Ericsson will provide its Connected Urban Transport solution for the City of Dallas’ Advanced Traffic Management System to monitor, manage, and maintain systems and performance and share data.
Ericsson has announced that it will provide the technology behind a smart cities traffic solution currently being implemented in Dallas, Texas.
The solution is designed to ease traffic congestion by the use of an interface to automate and facilitate systems monitoring, performance monitoring, management, and maintenance, with the ability to share data across cities and countries.
Ericsson began implementing the Advanced Traffic Management System (ATMS) using its Connected Urban Transport solution in the City of Dallas at the end of last year, with the system to be operational by 2020.
“The Connected Urban Transport solution will give the City of Dallas and adjacent cities the ability to aggregate and analyses diverse, real-time data from traffic sensors and cameras to dynamically control traffic lights, school flashers, and message signs,” Ericsson explained.
“The solution will allow the City of Dallas to expand its knowledge about traffic issues and assist with operational decision making to improve traffic flow.”

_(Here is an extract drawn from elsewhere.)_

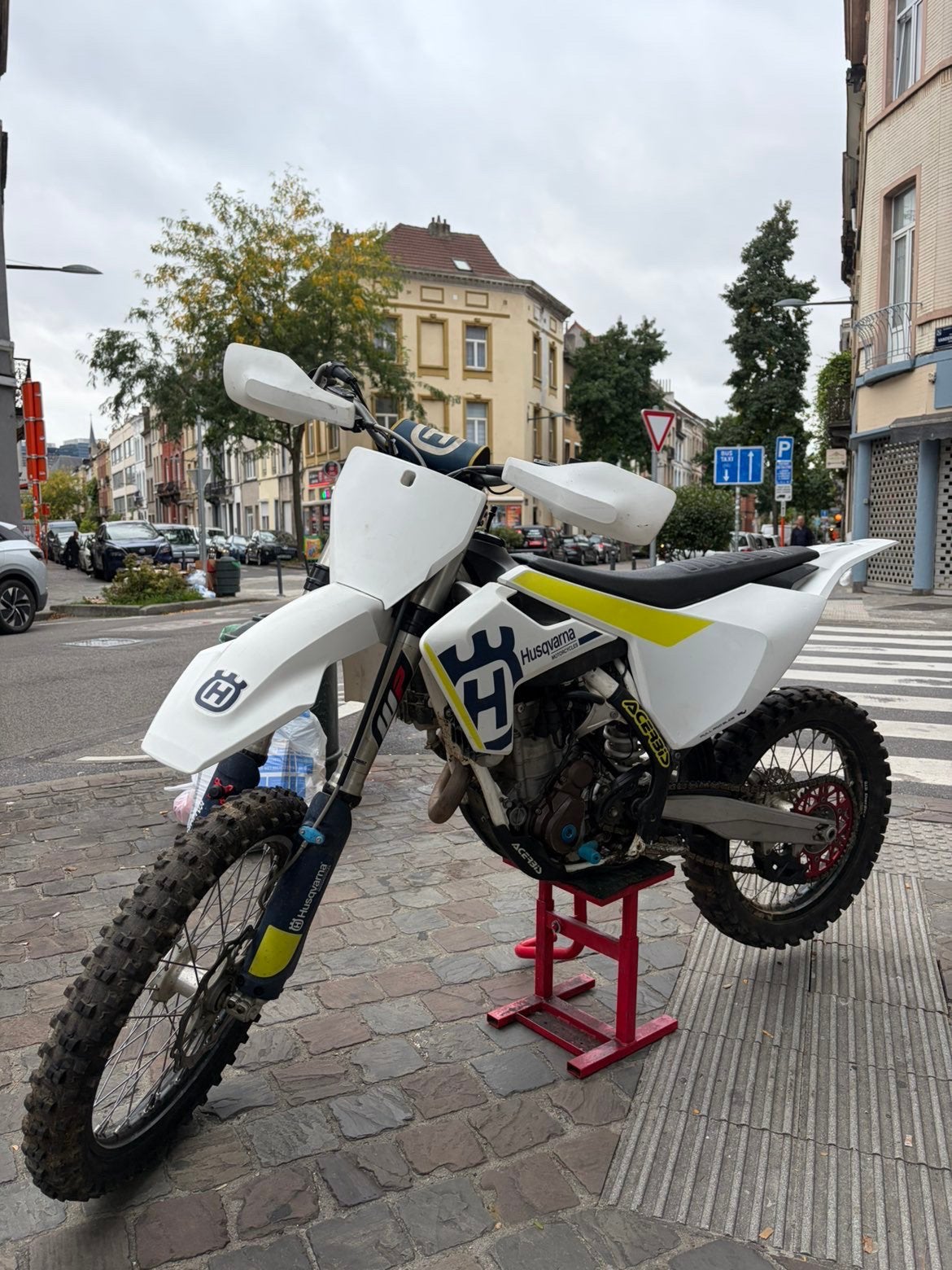 Husqvarna 350 – 2017 – Démarreur électrique, Particulier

The system includes a so-called secured ecosystem for sharing data and system services with organizations including transport service providers and travelers; a dashboard with central overview of all systems statuses; KPIs for monitoring and tracking the city’s goals and the performance required by suppliers’ contracts; and automation whereby systems can trigger or notify other systems.
Ericsson has similarly been working with the City of Las Vegas on smart city applications, in July completing a series of narrowband Internet of Things (NB-IoT) connectivity live network tests in partnership with T-Mobile.

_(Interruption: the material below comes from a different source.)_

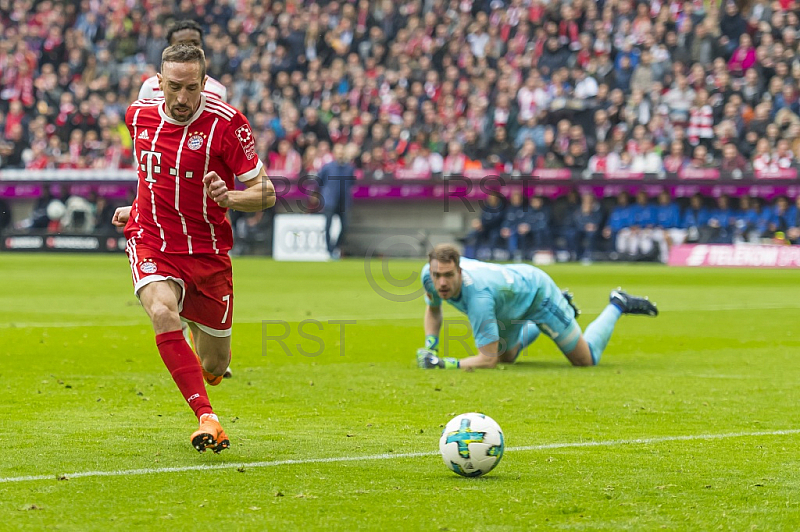 GER, 1.FBL,  FC Bayern Muenchen vs. Hamburger SV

One of the primary aims of creating a smart Las Vegas is to improve congestion at major intersections for vehicles, pedestrians, and bicycles, City of Las Vegas CIO Michael Sherwood said last year, which will involve using the data collected to reroute vehicles, improve the efficiency of traffic lights, and increase public safety.

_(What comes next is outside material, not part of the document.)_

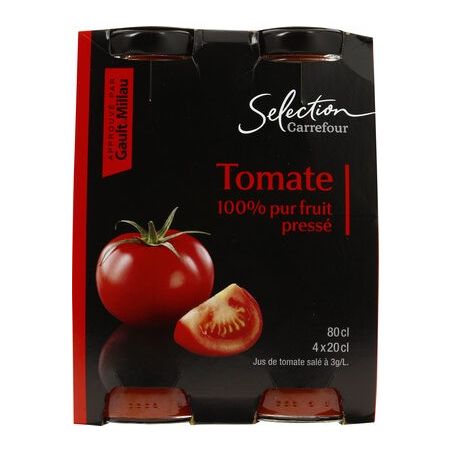 Carrefour Selection Boc 4X20Cl Pj Tomates Crf Sel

“Using IoT technology now, we’re able to look at the intersection in ways we’ve never looked at it before, using assets we already own. We own streetlights, we own these signal interchanges,” he said.
“We’re actually able to use the analytics now to look at the intersection at night and see that you’re the only car there, so instead of the timer-basis that we use today … now the camera technology can look at that and make changes.”
Rival global networking companies have similarly been pushing into smart cities technology, including Huawei’s Intelligent Operation Centre announced at the end of last year; Cisco’s $1 billion smart cities program; and Nokia’s smart cities framework.
Ericsson has largely been focused on enterprise IoT and working with telecommunications carriers globally on rolling out IoT networks and creating open IoT platforms for enterprise customers.
The networking giant unveiled a suite of network services for “massive Internet of Things” (IoT) applications in July last year, saying it “packages a broad range of radio network services together to enable operators to smoothly introduce Internet of Things applications on their networks” and works across both Cat-M1 and narrowband IoT (NB-IoT) networks.
The suite designs and optimizes massive heterogeneous IoT networks, and enables the scenario assessment, network modelling, development, developmental appraisal, deployment, operation, and management of mass amounts of connections through Ericsson’s Support Services offering.
“There will be 18 billion connected IoT devices in 2022; this massive uptake requires a different approach to network planning, design, operations, and capabilities than traditional mobile broadband networks,” Ericsson’s head of Business Area Managed Services Peter Laurin said at the time.